WASHINGTON — The Supreme Court on Monday made it harder to prosecute public officials for corruption, unanimously vacating the conviction of Bob McDonnell, a former governor of Virginia.

Chief Justice John G. Roberts Jr., writing for the court, narrowed the definition of what sort of official act can serve as the basis of a corruption prosecution. The act must be a formal, specific and focused exercise of government power, he said, “such as a lawsuit, hearing or administrative determination.” And prosecutors must prove, the chief justice continued, that the defendant made a decision or took action on the matter, or agreed to do so.

The alternative, Chief Justice Roberts wrote, would be to criminalize routine political courtesies.

“Conscientious public officials arrange meetings for constituents, contact other officials on their behalf, and include them in events all the time,” he wrote.

If corruption is defined too broadly, the chief justice wrote, government officials would be wary of serving their constituents.

“Officials might wonder,” he wrote, “whether they could respond to even the most commonplace requests for assistance, and citizens with legitimate concerns might shrink from participating in democratic discourse.”

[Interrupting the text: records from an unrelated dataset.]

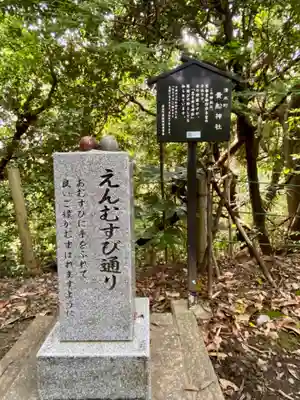 貴船神社(静岡県)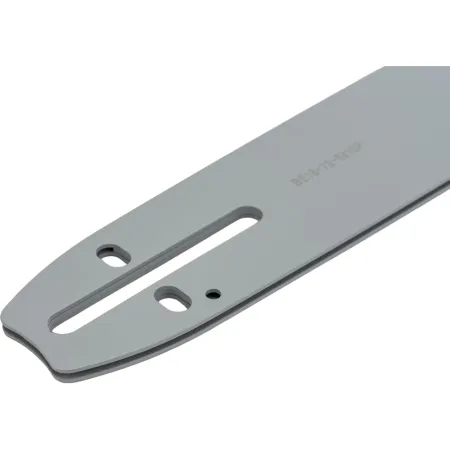 Шина Gigant SAF-30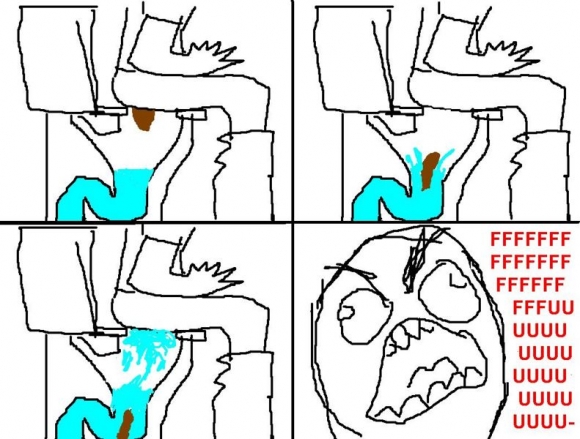 791px_Origffruustration_RE_FFFFFUUUUUUUUU-s791x600-25991-580.jpg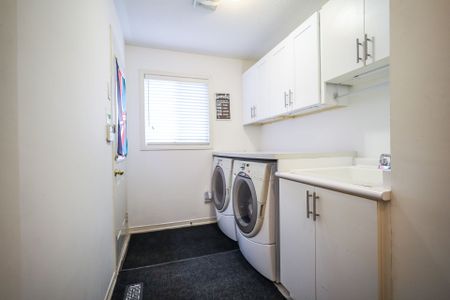 For Lease - 73 Andriana Crescent, Markham, Ontario - Photo 2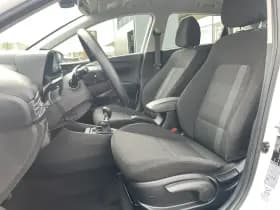 Hyundai i20 thumbnail 17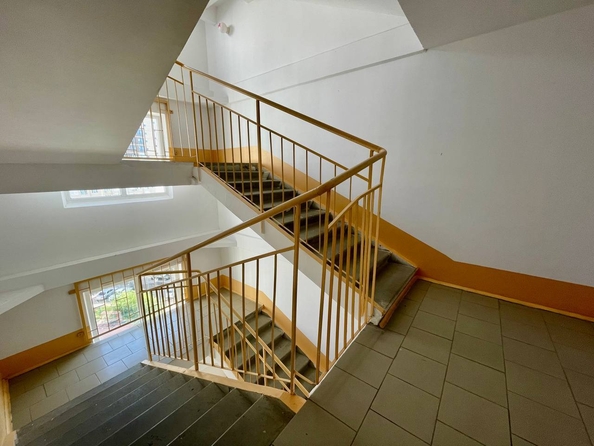 
  Продается 2-комн. квартира, 62 м², Ленина ул, д. 192
. Фото 21.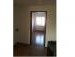 apartament Jilava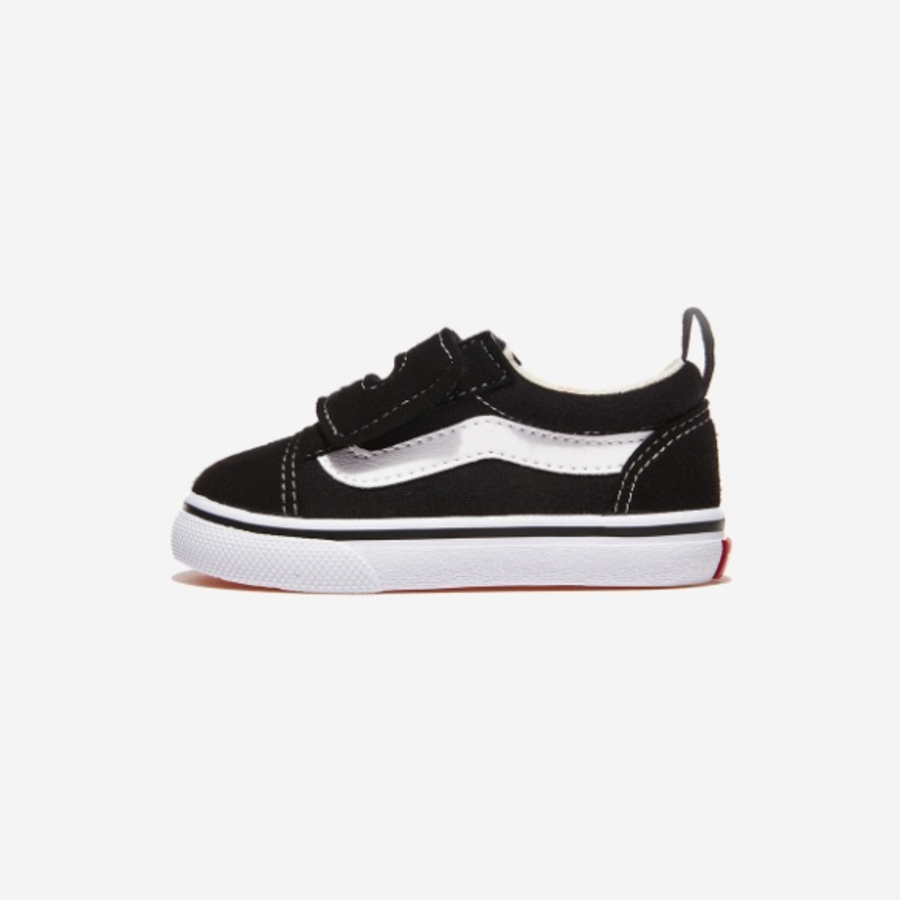 Vans – кроссовки Old Skool 12-16.5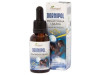 Dormipol Melatonina 30ml - Plantapol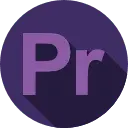 premier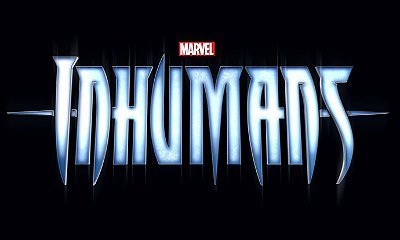 Marvel May Cancel 'Inhumans' Movie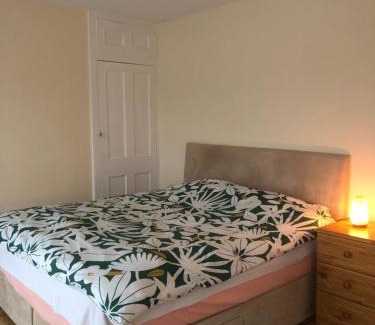 Folkestone House | Chart Road House-Folkestone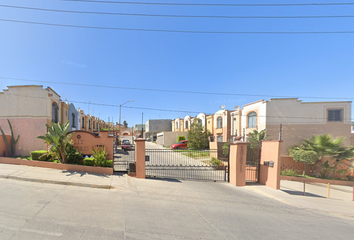 Casa en fraccionamiento en  San Andrés 2 66, Colinas De California, Tijuana, Baja California, México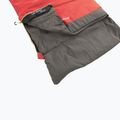 Outwell Celebration Lux sac de dormit roșu 230361 4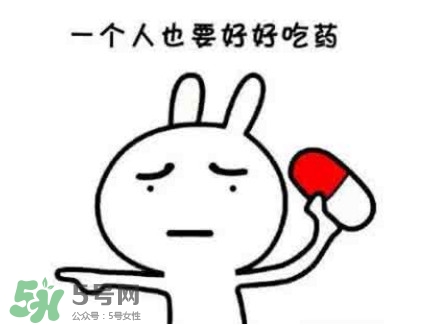 感冒藥一天吃幾次？感冒藥一般幾個(gè)小時(shí)吃一次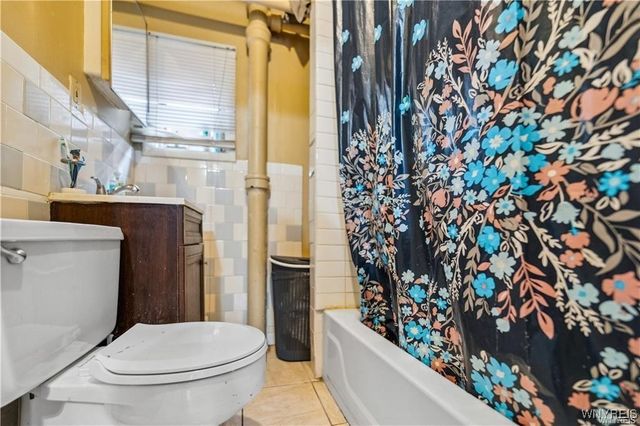 340 Rhode Island Street, Buffalo, NY 14213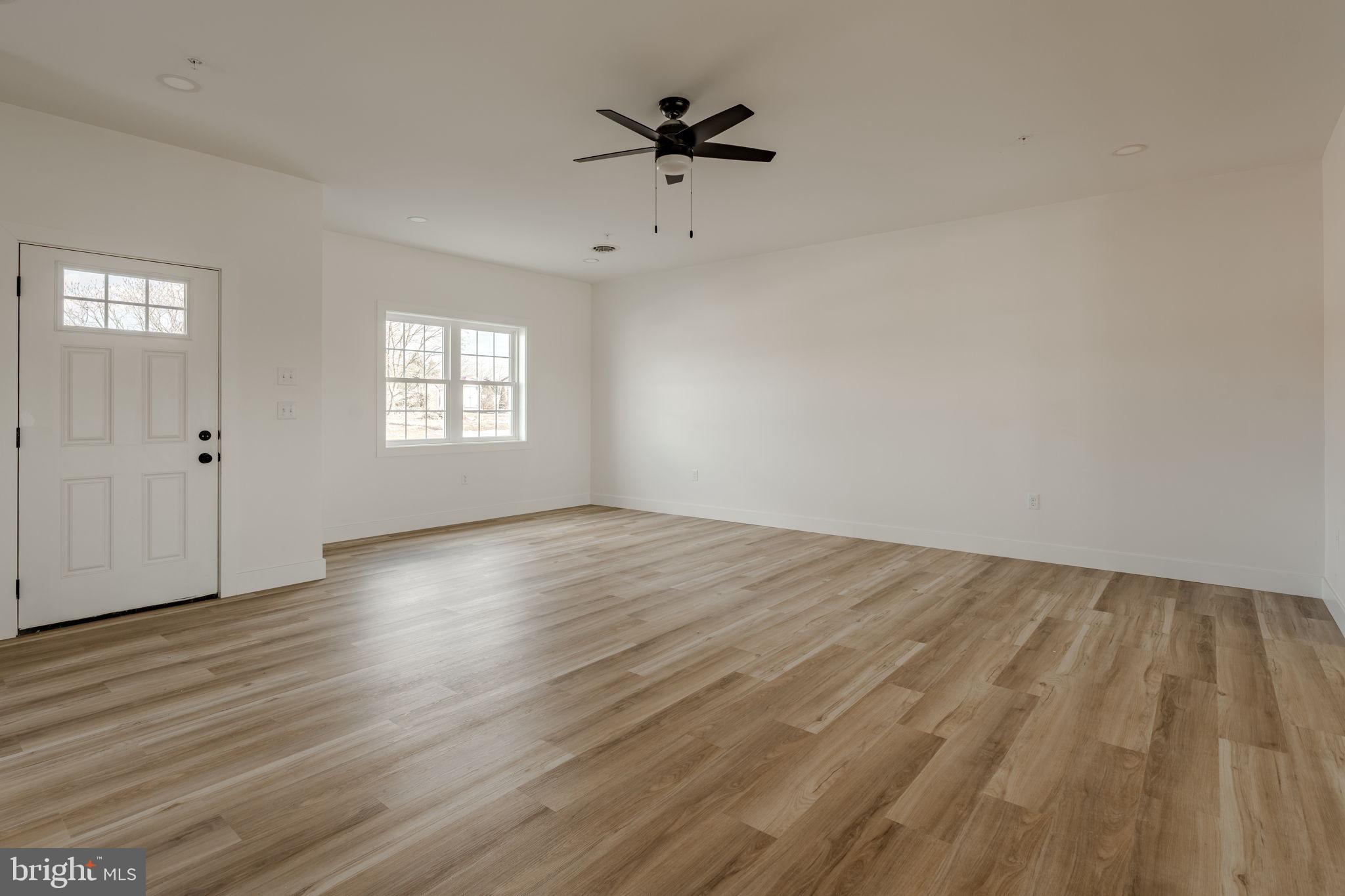 110 POPLAR STREET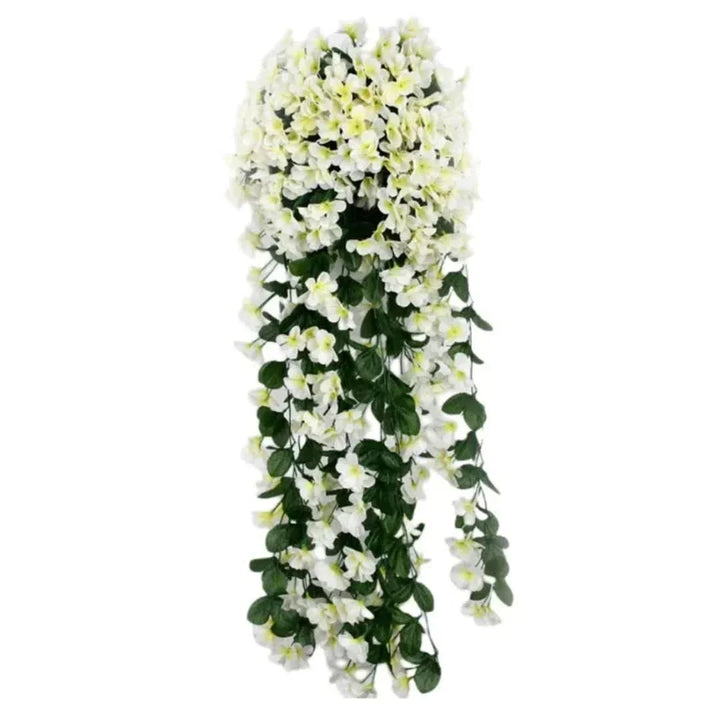 FleurÉlégance Wecken Sie Ihre floralen Emotionen | Karnz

The Supreme Court returned the case to an appeals court for an assessment of whether prosecutors in Mr. McDonnell’s case had presented evidence to satisfy the narrow definition of corruption announced Monday. If so, prosecutors may seek to retry Mr. McDonnell, but under the stricter standard.

In a statement, Mr. McDonnell said he was innocent and expected to be vindicated.

“I have not, and would not, betray the sacred trust the people of Virginia bestowed upon me during 22 years in elected office,” he said. “It is my hope that this matter will soon be over and that my family and I can begin to rebuild our lives.”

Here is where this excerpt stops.